4.  Grantee without Existing USEPA Construction Grants:
 
 For grantees which do not have existing current USEPA construction grants, either of the following procedures may be used to establish an indirect cost rate:
 
(A)  A negotiated lump sum for overhead may be established, based on the grantee's submission of evidence of estimated charges to be incurred. The provisions of 40 CFR 30.715-2(b) will be used as guidance in establishing such a lump sum. Lump sum indirect costs negotiated under this provision may not exceed one percent of the total project cost.
 
(B)  A negotiated indirect cost rate may be established, in the manner described in 40 CFR 30.715-2(a), in accordance with either of the following procedures:
 
(1)  For projects whose total estimated project cost is less than $10 million, the grantee shall follow the Agency's criteria for use in determining eligibility of specific items used in establishing an indirect cost rate, submit the completed indirect cost rate determination to the Agency with substantiation, and provide a certification from an appropriate official of the grantee that the information submitted is, to the best of its knowledge, true and accurate. Under this section, total indirect costs may not exceed five percent of the total estimated project cost.
 
(2)  For projects with a total project cost of more than $10 million, the grantee may propose an indirect cost rate, with substantiation and justification, to the Agency.
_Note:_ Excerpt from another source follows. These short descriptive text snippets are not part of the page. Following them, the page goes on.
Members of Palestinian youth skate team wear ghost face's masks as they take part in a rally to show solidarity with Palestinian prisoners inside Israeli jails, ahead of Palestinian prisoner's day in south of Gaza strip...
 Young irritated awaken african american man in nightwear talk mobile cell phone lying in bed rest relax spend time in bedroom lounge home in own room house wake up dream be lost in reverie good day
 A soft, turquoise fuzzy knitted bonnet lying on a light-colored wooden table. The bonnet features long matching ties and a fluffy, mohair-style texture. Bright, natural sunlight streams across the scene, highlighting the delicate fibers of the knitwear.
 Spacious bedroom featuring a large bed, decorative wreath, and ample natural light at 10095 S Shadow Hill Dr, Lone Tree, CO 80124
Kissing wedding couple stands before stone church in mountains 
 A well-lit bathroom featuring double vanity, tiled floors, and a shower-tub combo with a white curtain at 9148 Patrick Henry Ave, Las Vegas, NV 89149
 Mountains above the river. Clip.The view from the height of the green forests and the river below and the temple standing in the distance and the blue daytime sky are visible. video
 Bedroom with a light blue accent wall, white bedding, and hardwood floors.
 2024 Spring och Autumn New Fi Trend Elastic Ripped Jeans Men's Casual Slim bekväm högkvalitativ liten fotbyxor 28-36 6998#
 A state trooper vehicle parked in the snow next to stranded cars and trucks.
The Agency will review the submitted information in accordance with guidance provided by Federal Management Circulars 74-4 and 73-6 and procedures described in 40 CFR 30-715-2(a).
 
5.  Disputes:
 
 The grantee will be notified of Agency approval or disapproval of a proposed indirect cost rate. If the Agency disapproves the proposed rate, its reasons for disapproval shall be stated, together with a more appropriate method of determination. If the grantee does not accept the Agency's determination of a more appropriate method, it may contest it pursuant to the provisions of General Condition 9, Disputes, of these general conditions.